They don’t expect much of a looting problem or at least not much of a sustained looting problem. This is Texas after all.

11 thoughts on “Mom Update”

  1. Good to hear that your mom is OK.

    “. . . people from local communities were also present along the way handing out food, water and gasoline.”

    This, of course, is typical behavior in the USA. It always annoys me when leftie journos run down the USA based on the behavior of only its most aberrant citizens in its most dysfunctional places — e.g., New Orleans.

  2. Jonathan,

    Yes and the ordinary decent behavior is always spread out and off camera. Goodness is usually diffused while Evil concentrates making it always easier to film the Evil than the good.

  3. I too have family in Houston. They are still there. They live in an area that does not have a mandatory evacuation. The party atmosphere you mentioned is definitely going on. My family has been going out to dinner parties at friends houses each night. I even sent them my “rules for the ethical looter” For after the storm, if need be.

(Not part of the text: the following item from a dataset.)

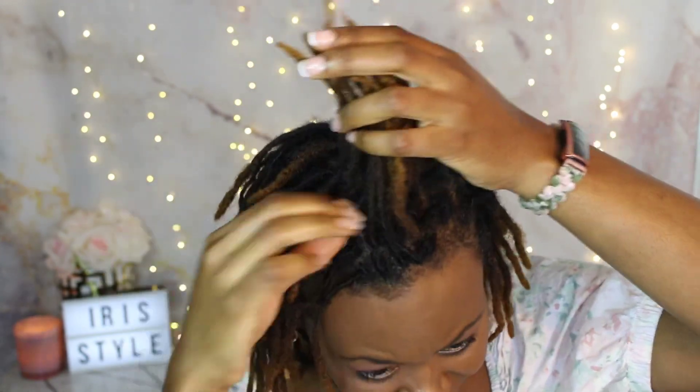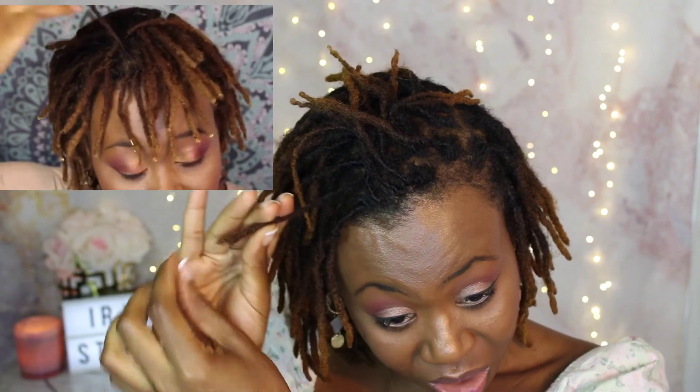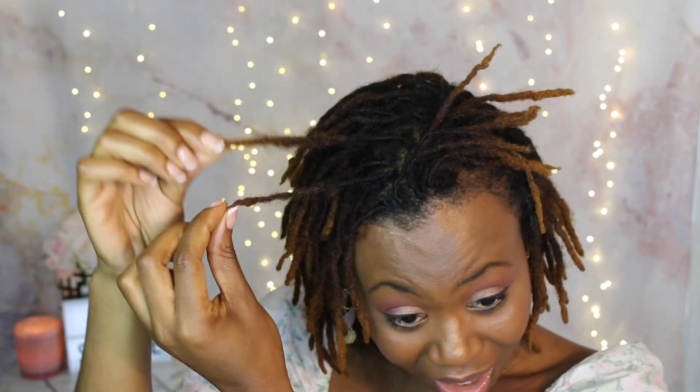Remember the lock I thought wasn't locking and was giving issues? That's this one, because I started it three months later than the rest of my locks. This is how it's doing now — much better. You can see it's definitely started to lock, there's no separation, and look how long it's gotten. It's catching up pretty fast, which is incredible because the length wasn't there before.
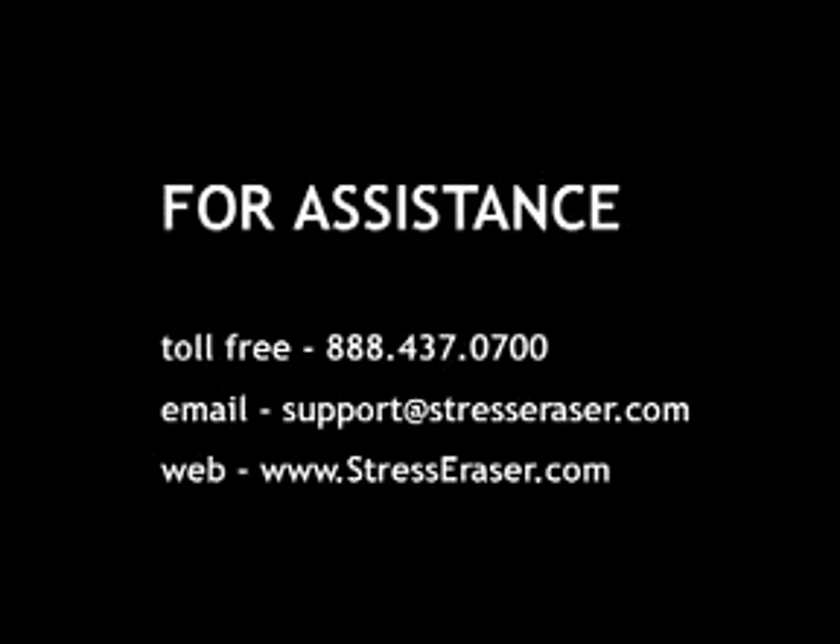We hope this section helped answer your questions about using the Stress Eraser. More information is available on our website and in your Stress Eraser Owner's Manual. If you'd like to contact one of our support professionals, please don't hesitate to call or send us an email.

  4. Btw, journalists do that everywhere.

    I’m interested to find out if average citizens everywhere also respond to mass need with generosity. I suspect that it happens more often than not, just as crime and lawlessness also increases after a disaster.

    The area around Kobi, Japn suffered from an earthquake in 1995. The biggest impression I retain from that terrible event was the way that the media kept harping on the fact that the Japanese people were very generous towards the afflicted. According to the talking heads on the TV, the Japanese were usually only concerned with helping immediate family and would leave others to fend for themselves. (I don’t know how accurate this claim is.)

    On the other hand, I’ve read many first-person accounts written by Allied prisoners during WWII. The German people would usually respond to POW’s with gifts of food or water if they would come in contact with them while they were being transported somewhere outside of the prison camp.

    This isn’t to say that they would receive much help if they were escapees. Then they’d be in trouble if civilians spotted them. But it seems that there’s always someone in the crowd who is moved to pity by the plight of the less fortunate.

    James

  5. One thing that I heard on Fox News earlier is that a lot of households were taking two or three cars in order to carry more stuff away.

    Our old nemesis, the tragedy of the commons, bites us in the ass once again!

  6. James R. Rummel,

    “I’m interested to find out if average citizens everywhere also respond to mass need with generosity. “

    Those that study peoples responses in emergencies have found that cooperation is the rule of the day. They call it emergent cooperation and spontaneous altruism. Breakdowns in social order during large scale disasters are in fact the exception and not the rule. The circumstances in New Orleans, for example, were a historical anomaly.

    The way that people are portrayed as acting in movies or other art is almost exactly backwards from peoples real behavior. People don’t panic, don’t attack each other and they do self-organize.

  7. “The circumstances in New Orleans, for example, were a historical anomaly.”

    Michael Barone wrote recently that “Robert Putnam in Bowling Alone noted that Louisiana ranks No. 50 among states in measures of social connectedness.” New Orleans is exceptional in the USA in terms of low social cohesion, high crime, low trust. The pre-existing, ongoing cultural disaster made the material disaster much worse than it would have been if it had happened to other communities.

  8. My hunch is that the release of criminals by overwhelmed local officials in New Orleans led to most of the violence that the media implicitly attributed to otherwise-law-abiding poor black people (and that the media also, implicitly, in an act of obvious racial prejudice that should have been more widely noted, reflexively excused). IOW, as lacking as NO was in social cohesion, things might have turned out much better if the incompetents who ran the place had made timely arrangements to move prisoners. So it could be that low social cohesion led to ineffective govt, which led to bad decisions that set the stage for social calamity, but that NO society itself was not quite as uncohesive at it appeared. I don’t know, I’m merely speculating. Maybe we will eventually learn more about what caused what.

  9. It’s not just those released from jail:

    Half Katrina Refugees Have Records

    Thursday, September 22, 2005

    MIDDLETOWN, R.I. — After Hurricane Katrina (search) hit New Orleans, federal officials flew Brian Murph and more than 100 other victims to Rhode Island. They were greeted by the governor and cheered by residents.

    Then the handcuffs were placed on Murph.

    State police did criminal background checks (search) on every refugee and found that more than half had a criminal arrest records — a third for felonies. Murph was the only one with an outstanding arrest warrant, for larceny and other crimes.

    Around the nation, state and local authorities are checking refugees’ pasts as they are welcomed into homes, schools, houses of worship and housing projects. In some states, half the refugees have rap sheets.

    Decades of welfare dependency, racial hatemongering by Al Sharpton and others, etc, etc.